Task input:
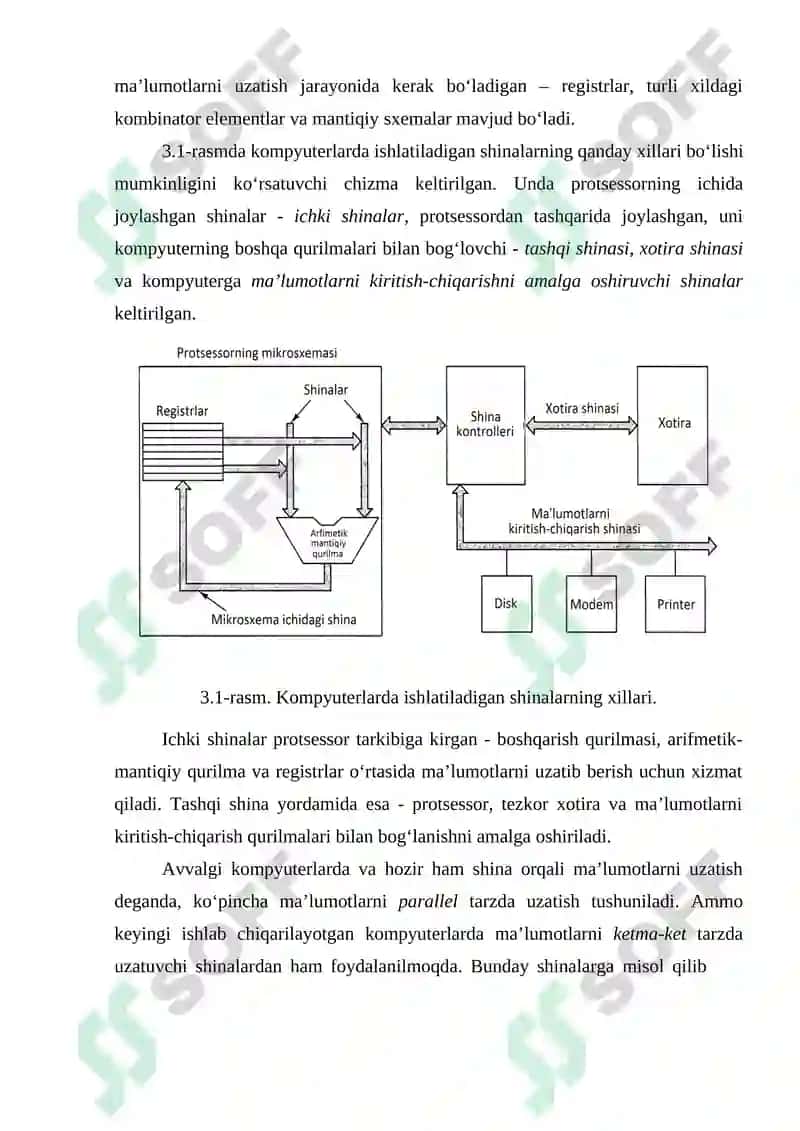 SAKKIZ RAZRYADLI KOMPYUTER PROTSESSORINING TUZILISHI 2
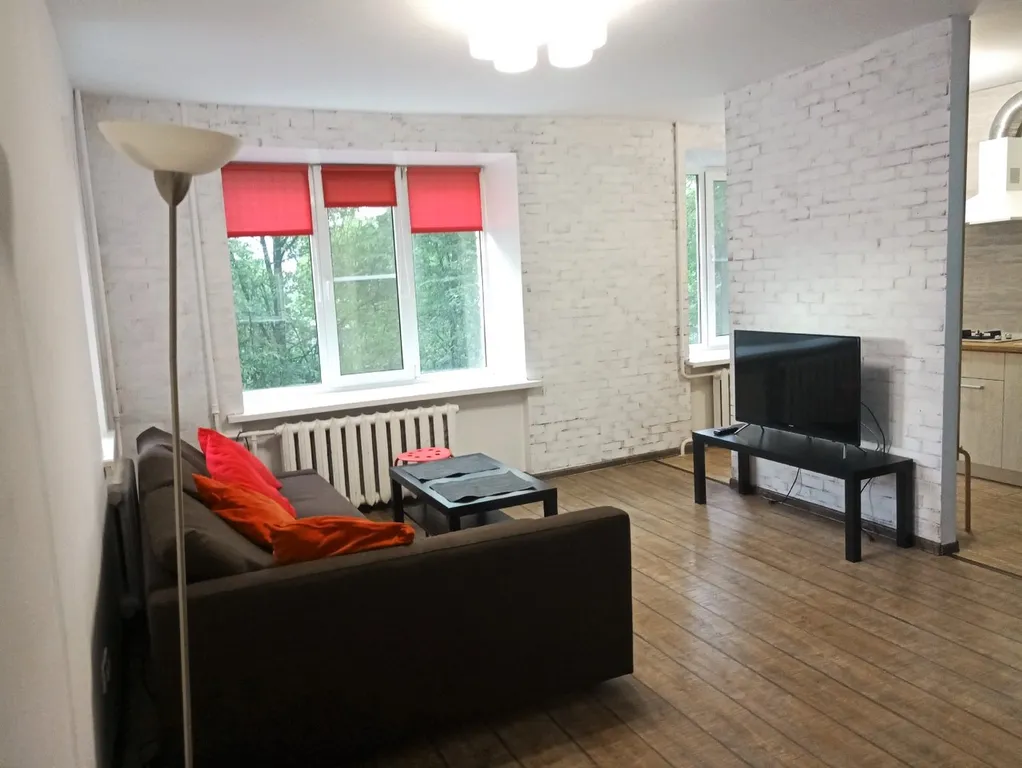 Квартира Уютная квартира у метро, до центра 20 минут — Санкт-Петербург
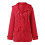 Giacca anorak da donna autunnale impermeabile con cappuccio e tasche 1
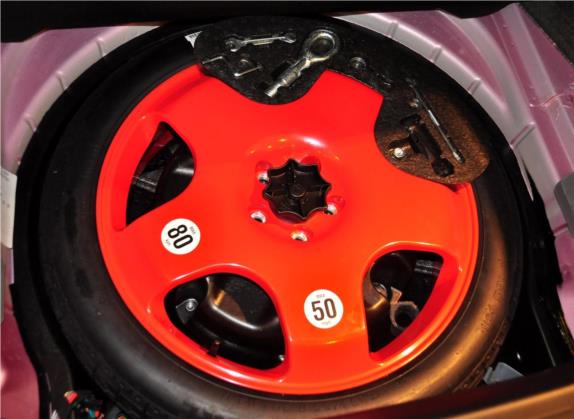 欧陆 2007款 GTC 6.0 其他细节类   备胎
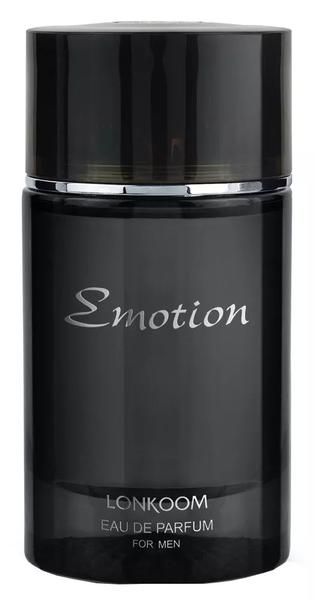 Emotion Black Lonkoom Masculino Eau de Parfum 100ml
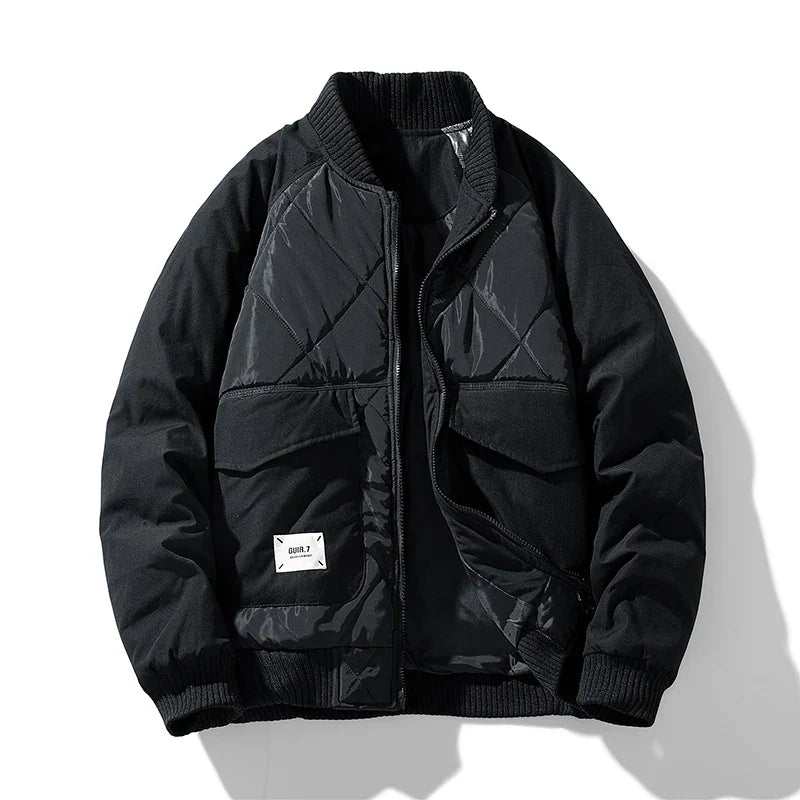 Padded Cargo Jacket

Exercise requirements: Exactly and only the lines from the top of the records down to the line containing "Emotion Black Lonkoom" should be transcribed, please, without the pictures.

Completed exercise:
 SAKKIZ RAZRYADLI KOMPYUTER PROTSESSORINING TUZILISHI 2
 Квартира Уютная квартира у метро, до центра 20 минут — Санкт-Петербург
 Giacca anorak da donna autunnale impermeabile con cappuccio e tasche 1
 欧陆 2007款 GTC 6.0 其他细节类   备胎
 Emotion Black Lonkoom Masculino Eau de Parfum 100ml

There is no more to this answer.